**Work instruction**. Of all the entries below, only the lines from the one with "Coach black quilted hacking jacket L" up to and including the one with "Statua Bedrich Smetana" are to be duplicated exactly.

**Given information**.

== == ==

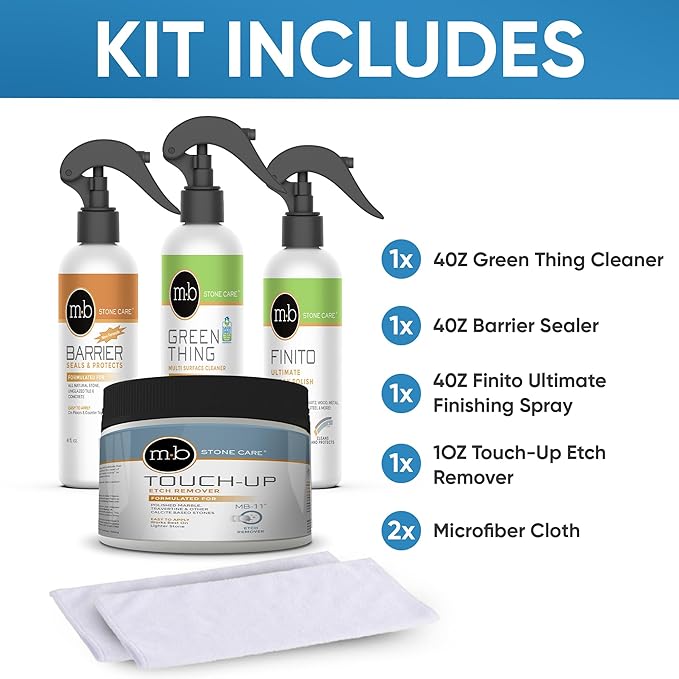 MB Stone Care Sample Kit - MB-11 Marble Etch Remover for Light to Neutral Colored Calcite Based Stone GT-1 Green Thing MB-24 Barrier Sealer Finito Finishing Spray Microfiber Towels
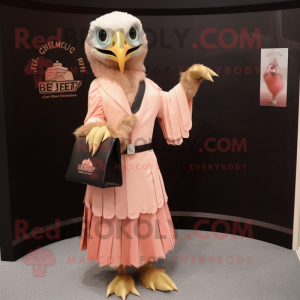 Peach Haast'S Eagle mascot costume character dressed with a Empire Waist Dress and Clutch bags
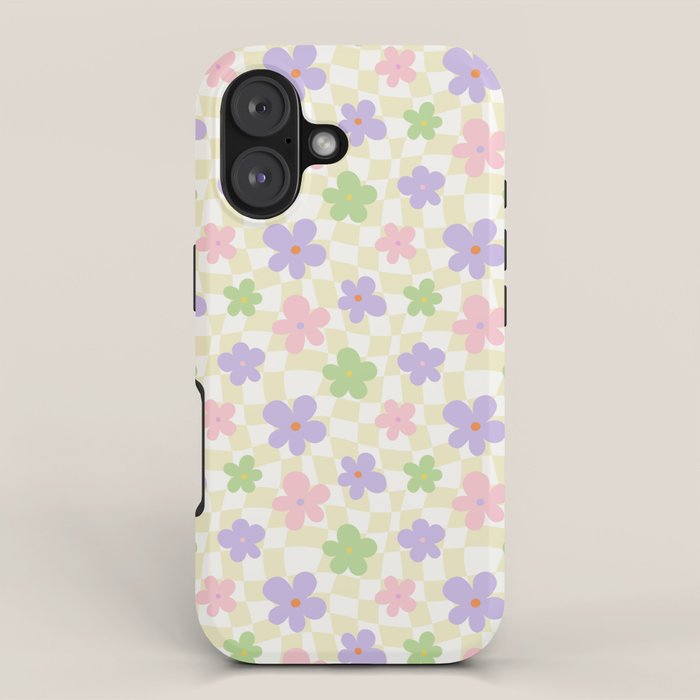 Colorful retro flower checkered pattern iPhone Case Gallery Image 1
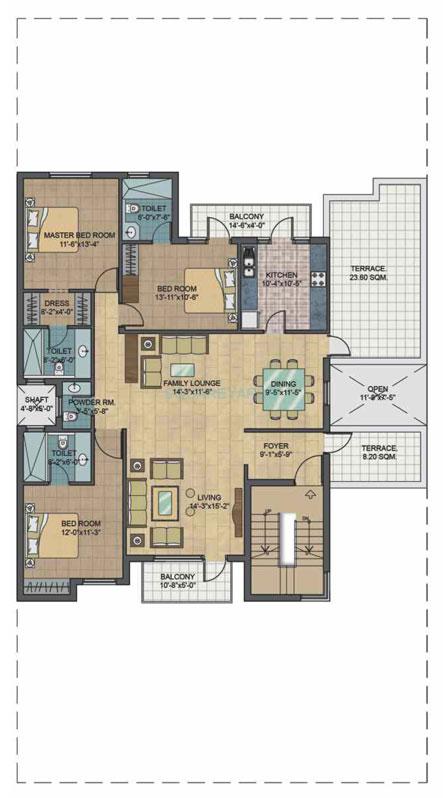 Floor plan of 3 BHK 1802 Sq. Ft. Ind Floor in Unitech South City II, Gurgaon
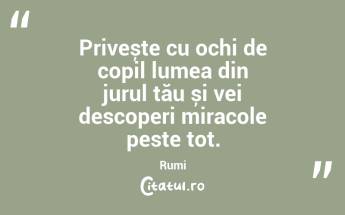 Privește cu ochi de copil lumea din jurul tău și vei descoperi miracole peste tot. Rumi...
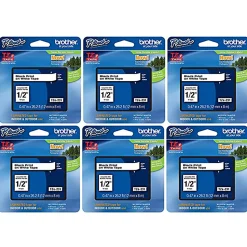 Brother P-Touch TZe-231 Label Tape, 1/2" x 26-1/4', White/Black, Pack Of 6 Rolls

== == ==

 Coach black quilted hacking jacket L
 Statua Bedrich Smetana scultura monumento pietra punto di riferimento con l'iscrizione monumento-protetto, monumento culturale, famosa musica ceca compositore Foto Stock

== == ==

**Exercise solution**.
 Coach black quilted hacking jacket L
 Statua Bedrich Smetana scultura monumento pietra punto di riferimento con l'iscrizione monumento-protetto, monumento culturale, famosa musica ceca compositore Foto Stock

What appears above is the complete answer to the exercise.